I got this link from John Piazza. It describes the hubris that we find at the college level. It talks about “elite professionals” whose intelligence so vastly outshines the rest of us (4%ers) that we need to listen to them and try to do what they do if we are to save our schools. As John says, it really is outrageous.
Ben,
http://opinionator.blogs.nytimes.com/2012/06/07/who-should-teach-our-children/?src=rechp
You must read this article, it’s freakin’ outrageous. The gist of this article seems to be: College teachers are good teachers because are smart and can communicate with others. High school and middle school teachers are not smart, even if they have communication skills, and this is a major problem with pre college education. If we bring more teachers into the profession with “high intellectual ability,” the ones who are applying for grad school and want to be professors, we can improve our schools.
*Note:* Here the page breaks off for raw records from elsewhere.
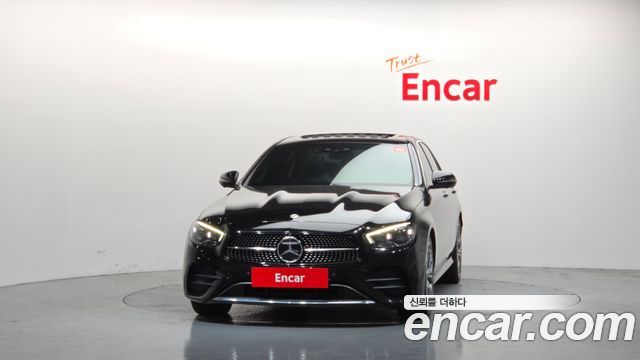 Mercedes-Benz E-Class W213 E220d 4MATIC AMG Line - фото 2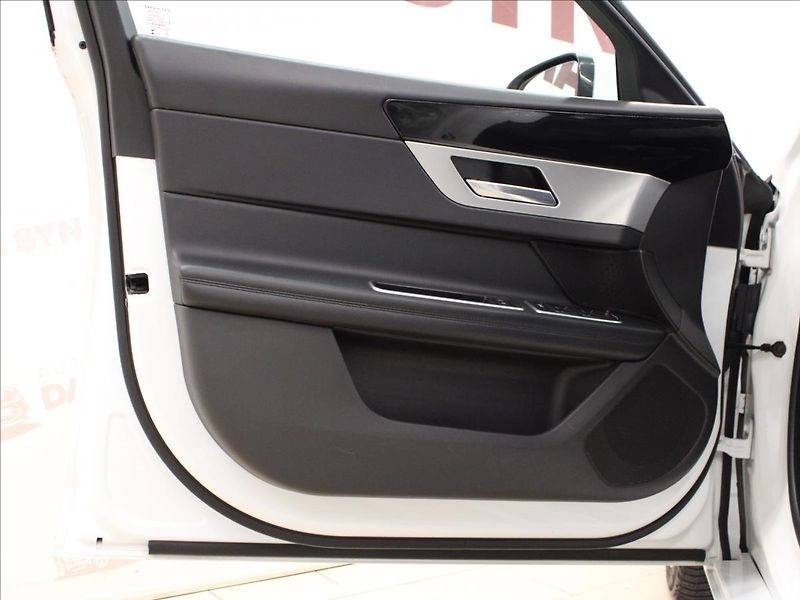 Jaguar XF 2,0 d 132KW Navi, Kůže, Aut, - fotka 9 z 34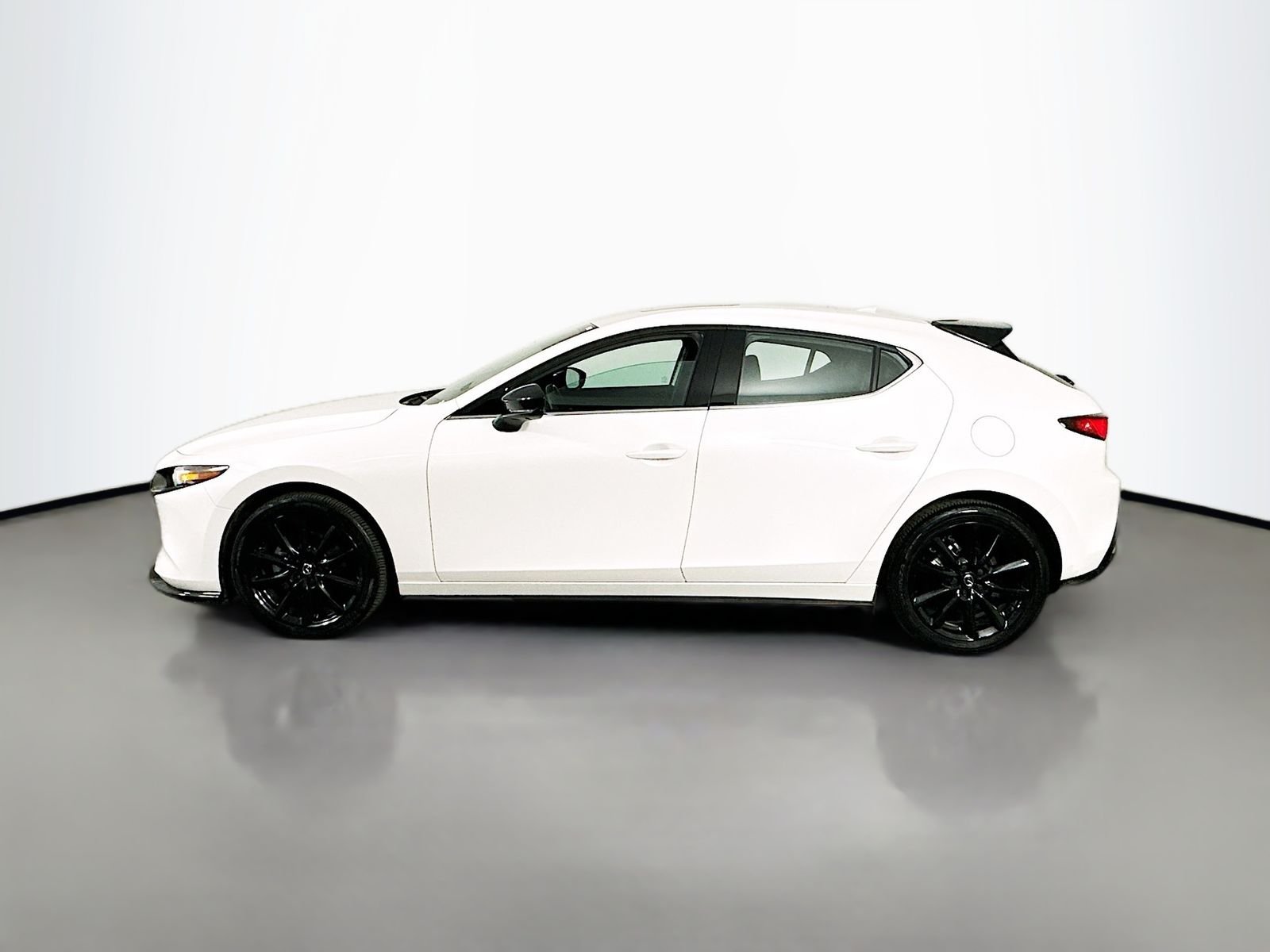 Certified Used 2025 Snowflake White Pearl Mazda 2.5 Turbo Premium Plus Package image 4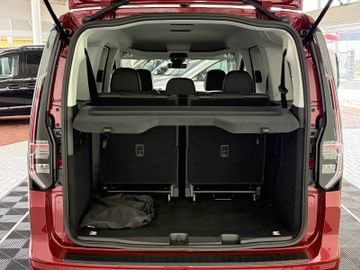 Volkswagen Caddy Maxi eHYBRID DSG LED ACC AHK KAMERA 7SITZ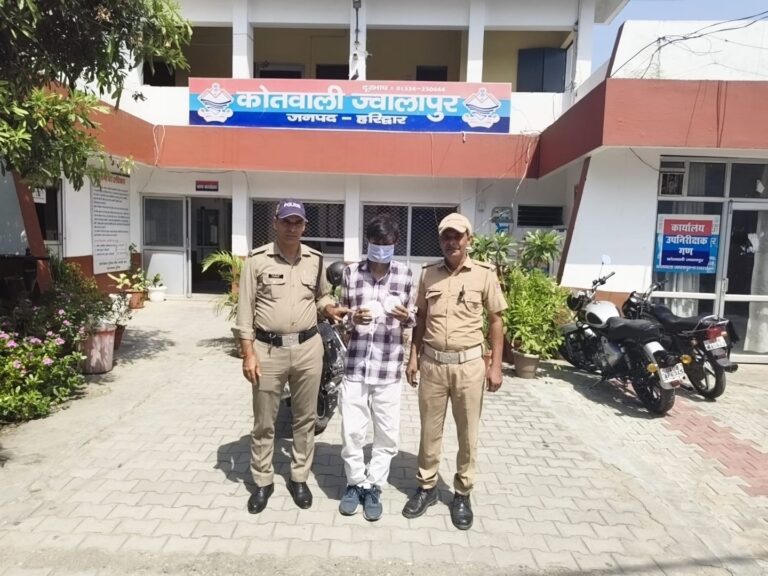 प्रहारअभियानके-तहत-नशा-बेचने-वालों-पर-प्रहार.jpg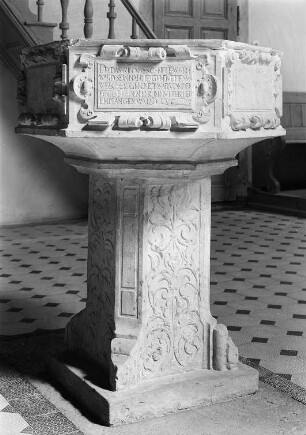 Taufstein : Christoph Walther (1534-1584). Taufstein (Sandstein, 109 cm, bezeichnet "C."W.). Tabeltitz, Kirche, Chorraum
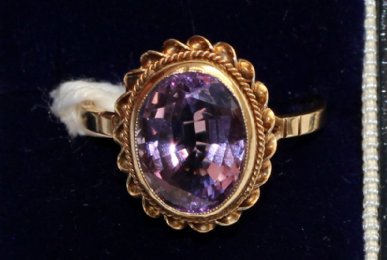 9ct Gold, Amethyst Ring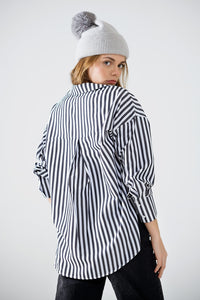 Camisa de popelina com riscas verticais em preto e bolso no peito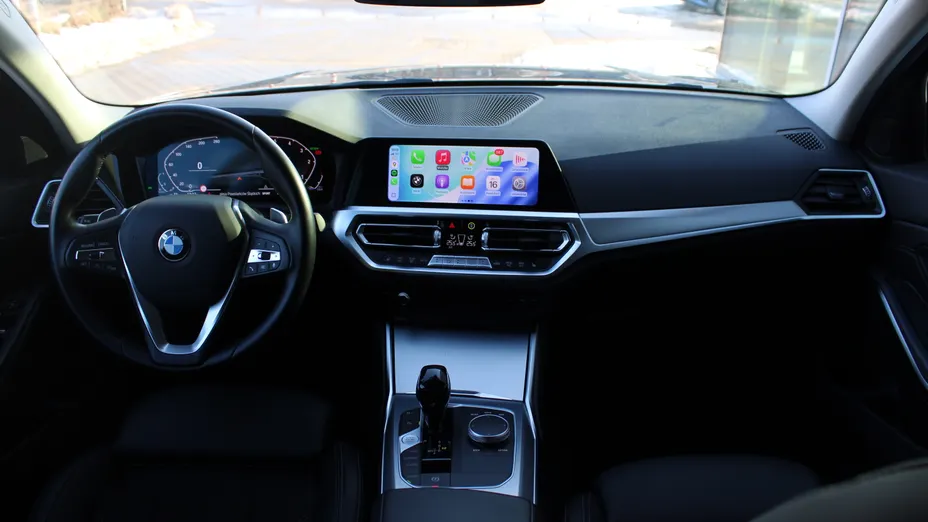 BMW Seria 3 320d xDrive Sport Line aut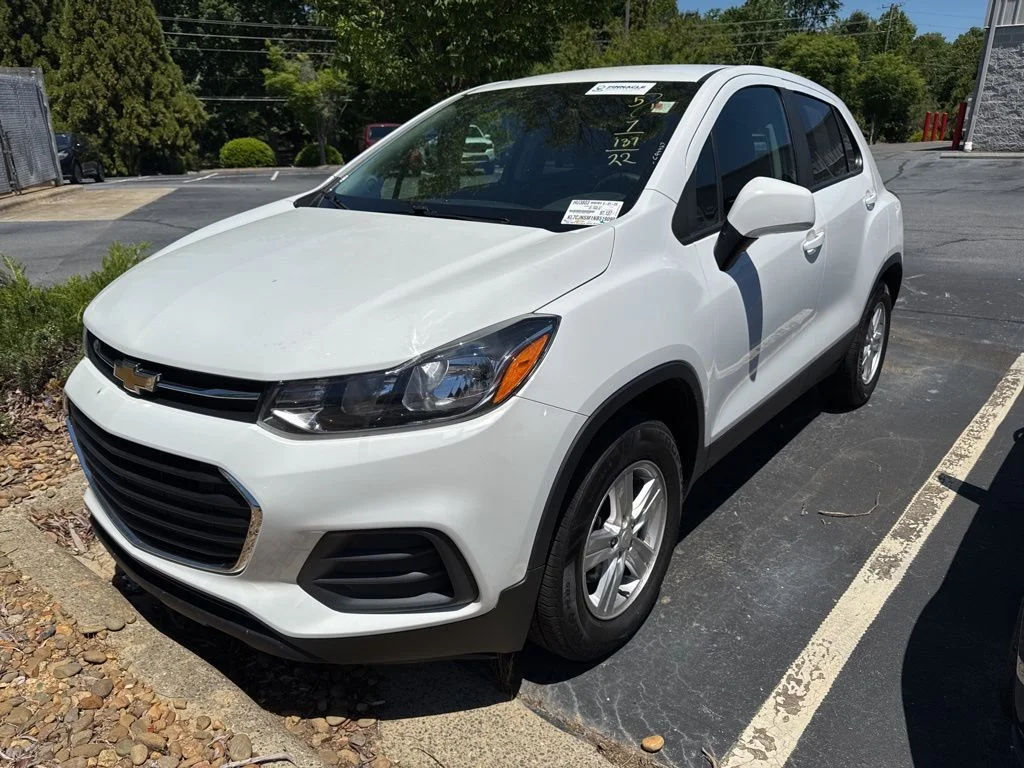 2022 Chevrolet Trax LS AWD's photo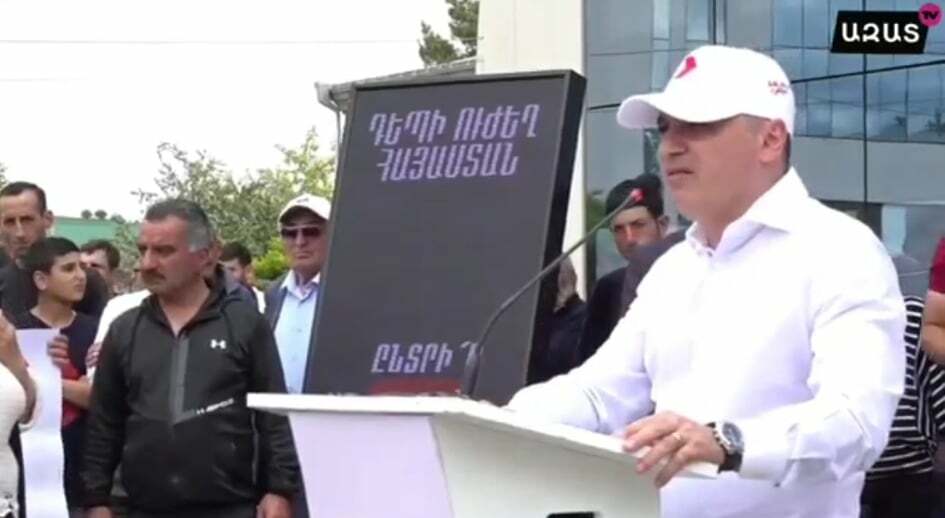 Միգուցե, զսպում է թշնամուն Ռուսաստանը, դրա համար դեռ Սյունիքը չենք տվել․ Վահե Հակոբյան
Intelligent people can easily learn the (non intellectual and therefore inferior) skills required to teach children. Here’s a quote:
“So why not make use of all this talent to develop an elite class of professionals — like those who teach in our colleges — and give them primary responsibility for K-12 education? One objection is that teaching children and teenagers requires a set of social/emotional abilities — to empathize, to nurture, to discipline — that have little connection with the intellectual qualities of the “best” college students. But there is no reason to think that people who are smart, articulate and enthusiastic about ideas are in general less likely to have these non-intellectual abilities. The idea is to choose those who have both high intellectual ability and the qualities needed to work successfully with children at a given grade level. Moreover, it’s important that teachers be — as they now often are not — credible authority figures, a status readily supported by the justified self-confidence and prestige of an elite professional.”